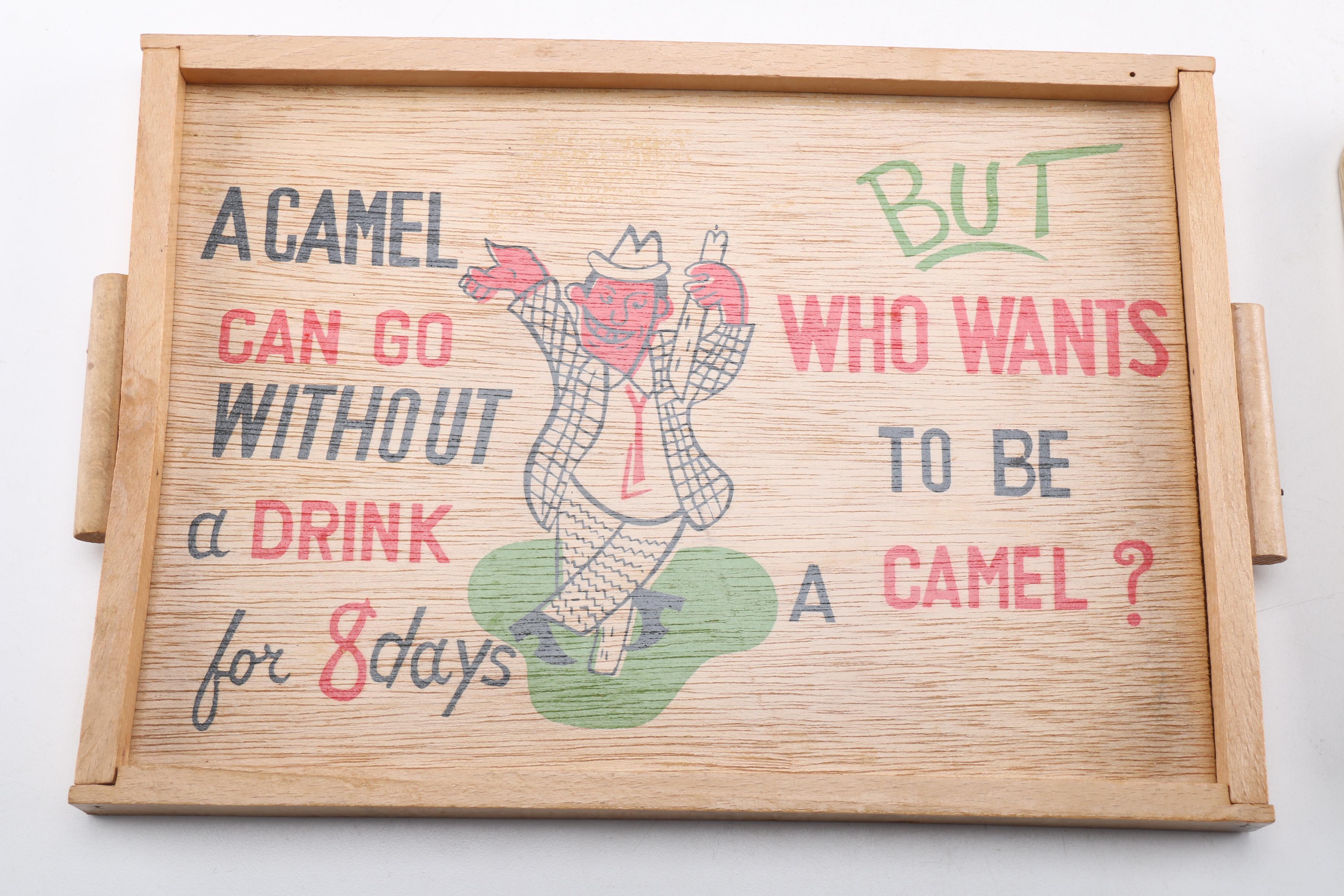 Vintage Bar Accessories and Vintage Travel Bar Kit EBTH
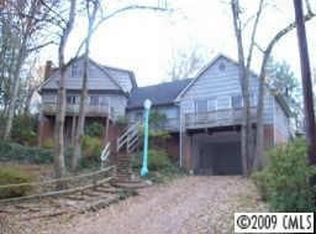 431 Kenilworth Rd, Statesville, NC 28677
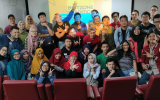 Indonesia Youth IGF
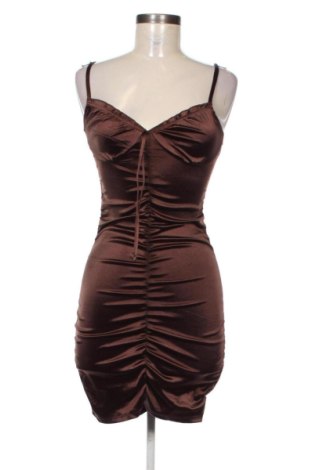 Rochie H&M, Mărime XS, Culoare Maro, Preț 67,99 Lei, #137056442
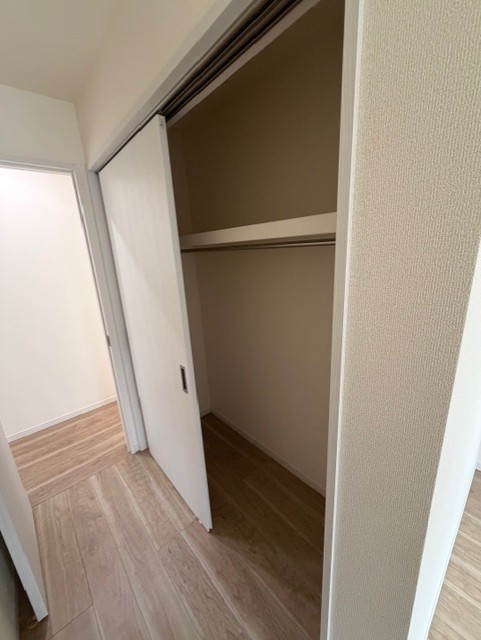 ＡｌｉｖｉｏA号室 収納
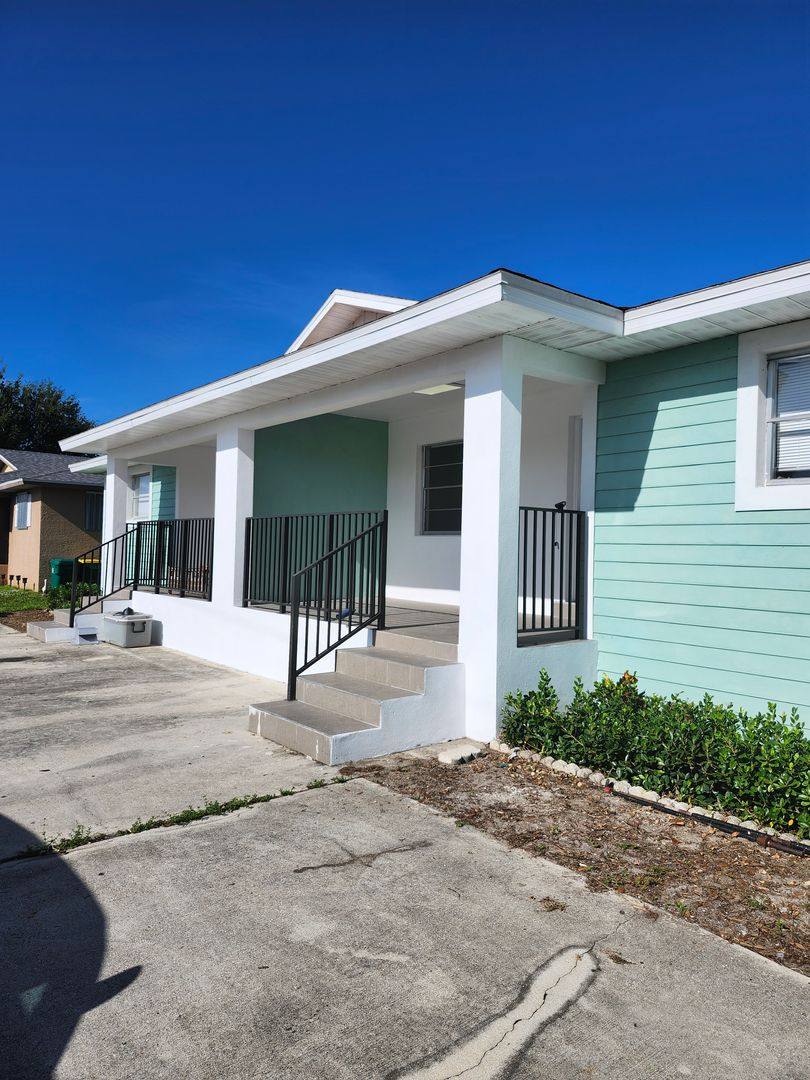 House for rent at 2921 Vasco St, Punta Gorda, FL 33950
________________________________________
Print only the lines running from the line that contains "ＡｌｉｖｉｏA号室 収納" to the final line of the listing, both included. Omit every picture.

 ＡｌｉｖｉｏA号室 収納
 House for rent at 2921 Vasco St, Punta Gorda, FL 33950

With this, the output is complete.